By Penny Showalter
On October 12, 2009, Don, my cherished husband, died. I am still in love with Don and miss him every day, but things have changed. I am also deeply in love with Allan, who became my husband three years ago. Now we both miss Don.
Don only had two levels of interest in a given activity; he was either indifferent or passionate. His pursuit of those passions supplies my most vivid and abiding memories of him. Even as I write this, for example, I can picture him streaking down a mountain on skis. I can just as easily recall the intensity and skill he invested in building a superb, perfectly crafted wooden headboard.
Most of Don’s interests were embedded long before we met. Dancing was different, and that made it special to me.
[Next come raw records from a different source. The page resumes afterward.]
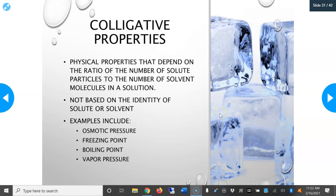Hi, this is Dr. A. I'm re-recording the end of the electrolytes and body fluid balance video because apparently the sound got cut off. I'm really not sure why. But let's pick back up where the colligative properties slide left off.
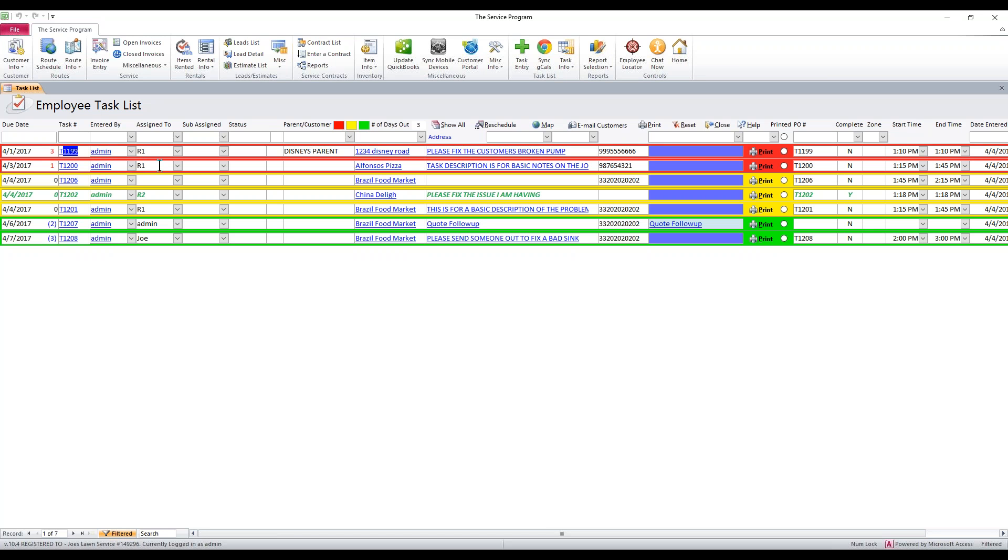Now what these stand for, the red is anything that is past due. So today is 4-4-2017. This task was for yesterday, it was due yesterday, it's showing up in red. So yesterday and before is going to be red. Anything due today is going to be yellow and anything due in the future is going to be green.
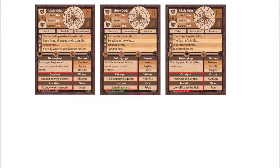With all three cards in front of you, look at the catalysts and locations and pick one of each, even if they're on the same card. Any combination that appeals to you is good, and keep in mind that you can put your own twist on it to determine what it really means, because we're just looking for inspiration here.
I’ve loved dancing since I was a little girl shuffling my feet, following my Daddy’s lead. My most memorable learning experience in high school was the discovery that dance – which was more fun and involved more attractive uniforms than field hockey – could fulfill my physical education requirement.
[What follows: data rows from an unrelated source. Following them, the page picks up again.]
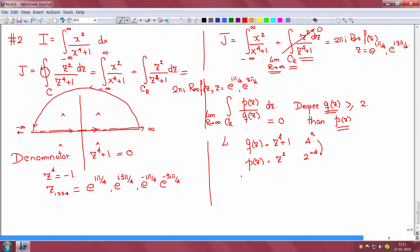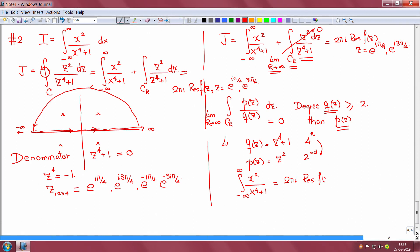This condition is satisfied here: the denominator q(z) = z⁴ + 1 is degree 4, and the numerator p(z) = z² is degree 2, so the denominator exceeds the numerator by 2. Therefore the arc integral is 0, and the integral from minus infinity to infinity of x² over x⁴ plus 1 equals 2πi times the residues. The answer is π over root 2.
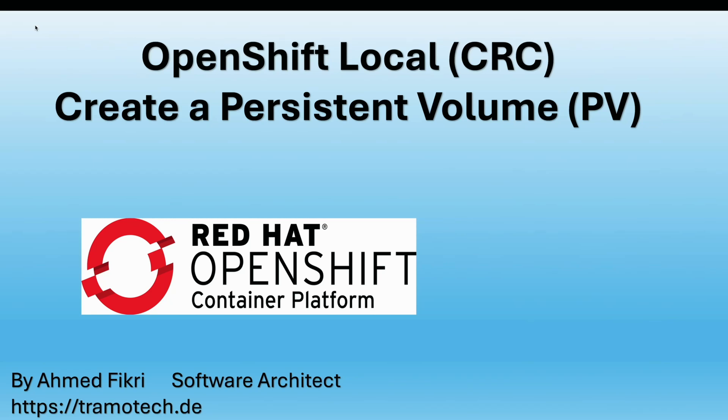Hi and welcome. In today's video I will show you how to define persistent volume in OpenShift local, the so-called code-ready containers.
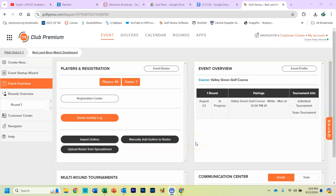Alright, here is how you add logos to individual tournaments so they show up on the leaderboard.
Don wasn’t a dancer when we met. Over time, an implicit matrimonial arrangement of the sort couples routinely create to accommodate each other evolved: at gatherings, Don didn’t complain about me accepting dance invitations from other men, and, in turn, I didn’t complain about him sitting out most of the numbers. It wasn’t the kind of resolution that results in the relationship equivalent of the Age of Aquarius, but it served its purpose.
Then, ten years into our marriage, on our way home from a Christmas party where, true to form, I had spent most of the night on the dance floor while Don stayed in his seat at the table, he offhandedly suggested, “We should take dance lessons.” Assuming this was the product of too many holiday martinis, I didn’t pursue it. When, however, he made the same proposal while a tad hung over but clearly sober the next morning, I immediately contacted the good folks at Arthur Murray before he had the chance to revert to “I don’t dance” mode.
The dance lessons were – and I earn no commission from Arthur Murray Studios for this endorsement – a peak experience for us. Not only did we learn to waltz, foxtrot, rumba … but we made friends and, most importantly, found a new way to delight each other.
The lessons also led to me participating, with our instructor as my partner, in pro-am dance competitions. Don not only encouraged me but took an active role, attending the events, enduring hours of my rehearsals, setting up my music, and videotaping my performances.
Dancing remained a vital part of our life together long after the lessons and studio activities ended. A favorite date was a Saturday night spent waltzing to live music at the Balboa Bay Club.
I never asked Don why he suddenly decided on that trip home from the party that we should take dancing lessons. I suppose it could be that it really was those Christmas cocktails that loosened his inhibitions or maybe ten years of watching me dance while he was stuck at a table was enough to convince him. Heck, I suppose it could just be that cosmic serendipity thing Allan likes to invoke.
But actually I do know. I am absolutely certain that Don became interested in dancing simply because he knew I was interested in dancing.
It was a marvelous act of love.
Allan put together a video using tapes Don took of me dancing along with still photos of me with Don and with Allan. The first time I watched it, I was moved to tears by my feelings for the two men that live in my heart and my realization of how very lucky I am. Now that I’ve seen this dozens of times – I feel exactly the same.
You’ll Carry Me Down On Your Dancing
And that’s how I remember Don – full of passion, support and love for his work, for his play and for me.